No one really knows how many Web pages are out there, though it is probably in the billions. We do know that the pages are being served from the four corners of the earth, criss-cross the Internet in an apparently haphazard fashion and live and die in the blink of an eye.
But documenting it all – that is another story.
Imagine trying to keep track of the Library of Congress, but with one caveat: there are no rules about borrowing and returning items, and there was never any record of what was there in the first place. Welcome to the nefarious underbelly of the Internet and the working environment of your favourite search engine.
Like beer, most people seem to have a favourite search engine and, like beer, they are not quite sure why they use the one they do. Maybe they found a few obscure items when all other engines failed and decided to stick with that app. Or maybe they hate other search engines and use the chosen one by default. Regardless, searching the Web without an engine is the world’s closest analogy to looking for a needle in a haystack.
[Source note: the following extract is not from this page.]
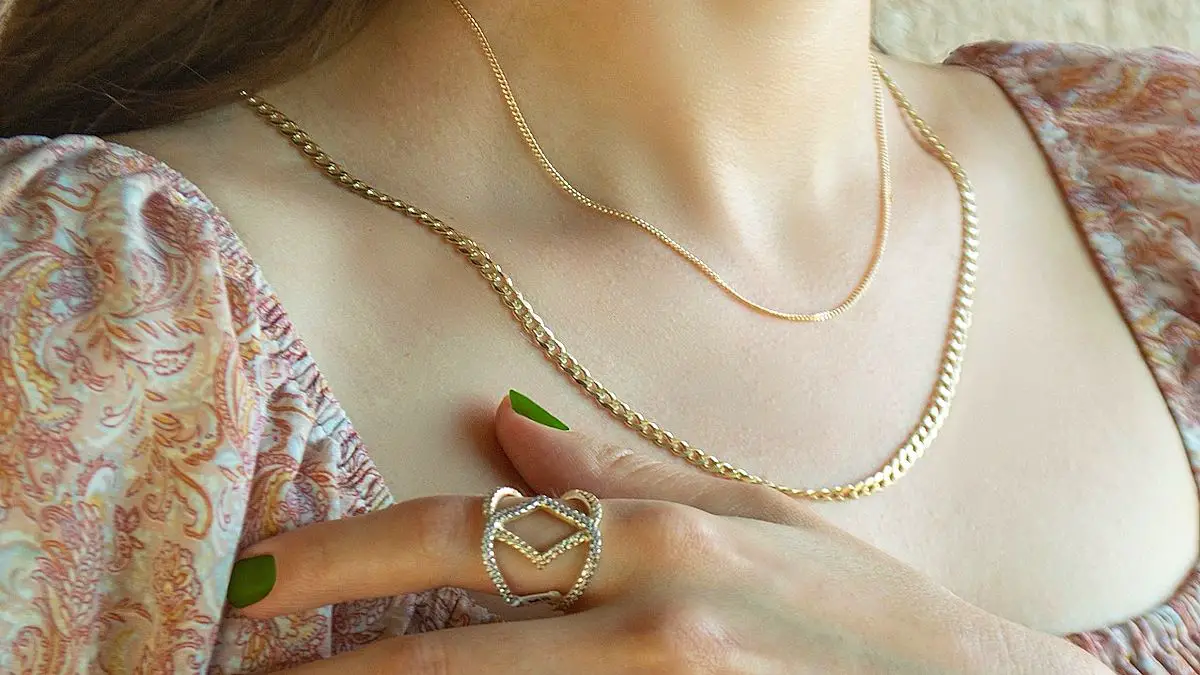 A woman wearing two metal necklaces and one metal ring. She is also wearing green nail polish.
But from all of this take heed. The search engines of today are vastly superior to their predecessors and are surprisingly accurate. Yes, you may get 1.7 million results when you type in “sports cars” but if you look at the first 50 results you will most likely find what you are after.
Though all search engines vary in their exact internal workings and use of proprietary algorithm technology, they all have three fundamental parts: the spider, the index and the actual search engine software.
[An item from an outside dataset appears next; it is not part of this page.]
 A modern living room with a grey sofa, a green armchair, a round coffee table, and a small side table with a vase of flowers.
If it weren’t for links there would be no search engines. Links are much like the theory of six degrees of separation, in that by starting at one site you can link to any other site by jumping from link to link. It may take a while but it can be done.
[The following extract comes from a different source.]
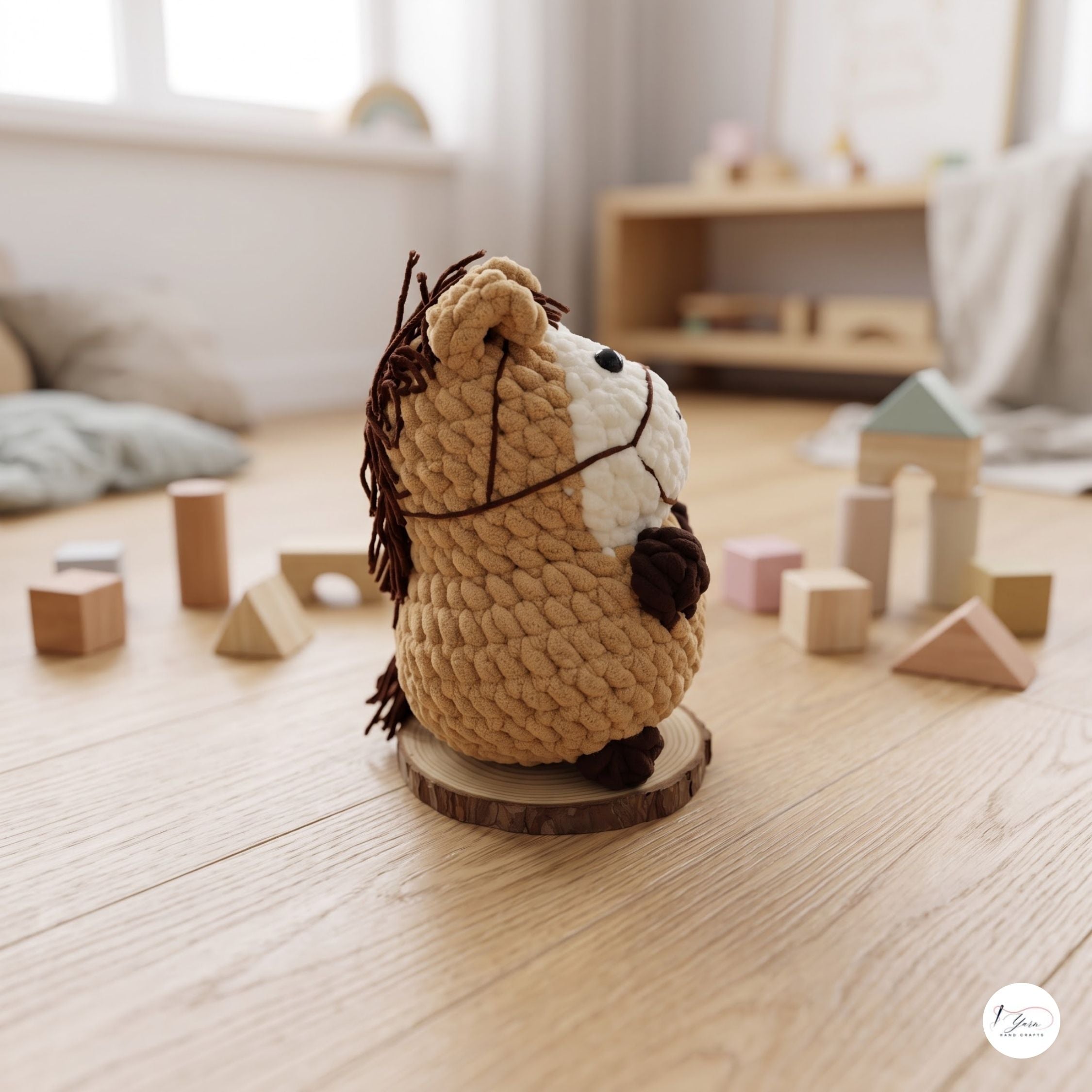 A crocheted plush horse toy sits on a round wooden coaster on a light wood floor in a softly lit nursery or playroom. The toy is tan with a white face, dark brown mane and hooves, and is surrounded by wooden blocks and toys in the background.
This is how a spider or crawler searches the Web. It might start at Microsoft’s site and, after a few hundred jumps, find itself at the official site of WWF wrestling. This method, though accurate, is slow and thus problematic for something as dynamic as the Web.
“That is always a problem that every search engine has…since the cycle is about a month,” said Mark Dykeman, Web producer for Sympatico-Lycos Inc. in Toronto, explaining an spider takes about a month to travel the entire Web.
“There is no search engine in the world that can spider the entire Web fast enough to keep every link up-to-date.”
When the Web is then re-crawled all dead links are automatically removed.
“We make sure that we re-crawl the Web frequently enough so that even if there is a dead page, it won’t last very long,” said Craig Silverstein, director of technology at Mountainview Calif.-based Google.
finding your Web site
“If the information is out there, we will find it,” said Sandro Berardocco, general manager with Alta Vista Canada in Edmonton.
He said Alta Vista makes its own life easier by using its proprietary technology called CyberFence.
“It basically puts a fence around a geographical area. We have..determined Canada is a geographical area, so basically it puts a fence around Canada.” This means when the company sends crawlers out, they find all Canadian publicly-accessible Web sites, whether a dot-com or dot-ca. There are currently about 30 million pages belonging to around 200,000 Canadian URLs, Berardocco said.
He won’t say how the technology works, only that it is extremely accurate. Not surprisingly it is a popular option for Alta Vista’s visitors. About 80 per cent of visitors choose the Canadian-only search option, he said.
Sympatico-Lycos also has the Canadian-only option, which is used by about 50 per cent of its visitors, Dykeman said.
Once the Web has been crawled, it is then put into an enormous indexed database which acts as a repository of all Web sites and pages. The size of each each database varies but, for example, Google says you can search 1,326,920,000 Web pages with its engine.
The last part of the search engine is the software designed to retrieve your request. This is the closely-guarded algorithmic technology. In fact, Google is confident enough of its retrieval technology that it has an “I’m feeling lucky” button which takes you directly to the first site on the retrieval list.
“I think ‘I’m feeling lucky’ is great…[but] the fact is it is not used that much,” Silverstein admitted.
internal workings of an engine
Google uses something it calls page rank to decide how high up in the results a page is listed. According to Silverstein, page rank is a number which describes the quality of a page. The technology grew out of research that was done at Stanford University in Stanford, Calif.
The more pages that link to you the better. If two pages have the same number of links pointing to them, the one with the mostly highly-ranked referral links (page rank) will return with a higher placing.
“As a result, if you search for American Airlines you are more likely to get the company home page than a site where someone talks about a flight they took on American,” Silverstein explained.
Alta Vista uses similar, but equally guarded, technology that also uses complex algorithms, Berardocco said. He said creating an accurate title tag for your site is very important, as is the number of sites that link to your site.
“The more popular your site is, the higher the rankings come up,” he said.
And to move your site up the rankings?
“We provide a whole section for Web masters on designing your page right and how to get yourself up the rankings,” he explained.
The results show that search engines are doing a good job.
“We average about two page views per query,” said Tasha Irvine, lead program manager for search and reference at MetaCrawler in Seattle.
“We would start to worry if we saw our page views per query up in the three or four numbers. That is when you start getting suspicious.”